Yet it has no synonym when we wish to discuss a source of power or the capacity to do work. Moreover, it's now a century since Einstein showed that matter and energy are two sides of the same coin. They're equivalent. This means that all the seemingly solid objects of the universe are concentrated forms of energy.

This being so, it is correct to say that the entire universe is energy in various guises. Indeed, physicists often prefer to think of electrons as their energy equivalents rather than as solid objects weighing 1,836 times less than protons. When an electron and its antimatter analogue (the positron) collide, both vanish, having been transformed into their equivalent energies of 511,000 electron volts apiece.

One now-common application of this principle is the PET scan. The "P" stands for positron, a bit of antimatter, which is created and released by radioactive material injected into the blood. The gamma ray energy created by positron/electron annihilations allows the machine to chart the positions of the tissues that have absorbed the radioactive substance.

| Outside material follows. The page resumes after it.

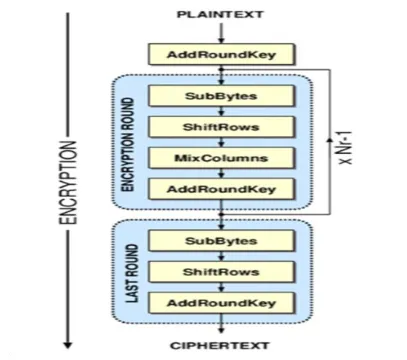 Figure 5 – Basic Structure of AES 
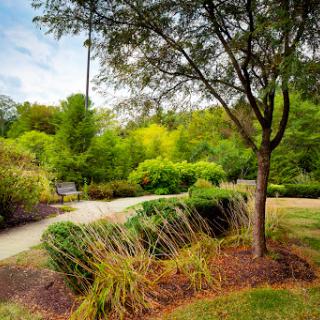 A serene garden pathway surrounded by lush greenery and trees.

The widely accepted existence of Z-point energy or vacuum energy, an unimaginably powerful energy field that pervades the universe, supplies us with even more wildness. Particles appear and disappear in and out of this invisible, all-enveloping field; some remain in existence permanently. We can regard atoms, planets, rocks and people as ever-so-slightly increased concentrations of energy in the all-pervasive field, like lumps in pudding.

All these little eddies in the field, whether hamburgers or sunlight, attract our notice only because our senses have been fashioned to perceive them. This can't be stressed enough: We're aware of the slight, piddling energy bumps that surround us, but blind to the underlying field itself.

When we touch things, we never encounter solids. Rather, your nose's atoms' electrons have a charge that repulses the fields of the electrons of your fingertips. This is the only reason your finger does not penetrate your head when you scratch your nose. The empty spaces in all the atoms of your body are so vast that you contain virtually no solids at all. You merely feel energy fields - not solids - when you touch anything.

If we removed all the space from all the atoms in all the people on Earth, the solids that remained (mostly protons and neutrons) would fit inside a single sugar cube. That's us, Homo sapiens: one cc weighing half a billion tons. The rest is empty space. If you care to calculate the energy content of the human race, convert those half-billion tons of solids to grams (28 to the ounce) and multiply that by the speed of light expressed in centimeters per second, squared. Then you'll have our collective energy in ergs.

But the number hardly matters. It's all energy everywhere. And despite all the seeming changes large and small, the universe's total energy never fluctuates. It cannot decrease.

All this may help those who seek "cosmic unity" in a scientifically valid way. But any sense of profundity is short-lived when we try to follow this up. No redefining of the universe's bottom-line essence can help solve the familiar time-based questions that seem to torment our collective liquidy brains.